This piece is a part of our 2018 football preview. To view other entries in the preview series, click here.
"27 ACC-calibre football players."
That's how Bronco Mendenhall described our spring roster the the Board of Visitors recently. You may have heard about it, it made quite a bit of noise. He displayed optimism that it was an improving number, expecting that number to climb to "the mid-40s" this year, and to "65-ish" a year further down the road.
No, I'm not going to go through the roster and pick out the 27, or argue that the number is actually higher or lower by my estimation, or start assigning blame on how it arguably got "this bad".

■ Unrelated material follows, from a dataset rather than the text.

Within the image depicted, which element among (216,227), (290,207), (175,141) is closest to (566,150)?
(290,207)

Instead, I'm going to generally acknowledge that this was a roster with a depleted talent pipeline when Bronco arrived at the start of 2016, compounded with the additional roster churn accompanying a regime change, and that a lot of work was necessary to rebuilt said roster. As Bronco said in a summer 2017 interview with Norfolk's WAVY sports, "this is not a polish and reboot, it's not even a rebuild... it's more start up oriented."

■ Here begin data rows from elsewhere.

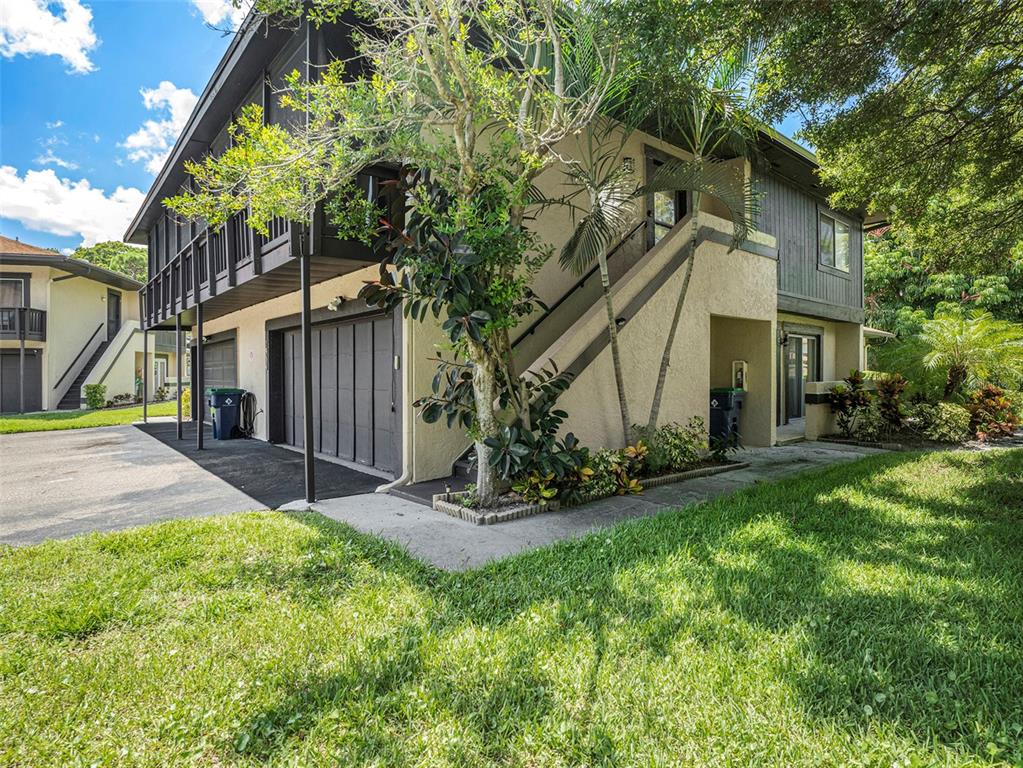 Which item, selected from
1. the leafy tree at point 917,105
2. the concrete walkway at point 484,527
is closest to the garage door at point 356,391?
the concrete walkway at point 484,527

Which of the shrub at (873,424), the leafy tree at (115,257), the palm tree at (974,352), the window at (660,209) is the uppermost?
the leafy tree at (115,257)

Let's focus on three characteristics of a good roster as we look at it:
Deep - Is there ample depth to field not just a 2-deep, but have reserves for when injury strikes? Are the bulk of those NCAA-limited 85 scholarships given out?

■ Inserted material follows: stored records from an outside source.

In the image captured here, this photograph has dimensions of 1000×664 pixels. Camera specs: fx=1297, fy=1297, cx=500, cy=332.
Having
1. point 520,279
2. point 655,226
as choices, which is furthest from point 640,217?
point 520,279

Balanced - Are those 85 scholarships distributed in a balanced manner across (a) the various position groups, and (b) the year groups, ensuring there won't be weak spots on the field either now or in the future?
Talented - Are the players wearing the uniform talented enough to hang with ACC compeition? Are they talented enough to excel against it?
As we go into this new season, this article's goal is to look at how this season's roster fits into a bigger picture of Bronco's reconstruction (dirty word to Southerners, I know!) of the roster, both where we've come from after the last couple of years, and where we look to be going over the next few years. Going by position group seems to be the cleanest way to look at it. But first, a few ground rules.
1) Projecting this year and forward, I won't count on true freshmen, instead conservatively projecting them to redshirt. A couple from each class will ultimately surprise, of course, but there's no sense to trying to guess on that in advance.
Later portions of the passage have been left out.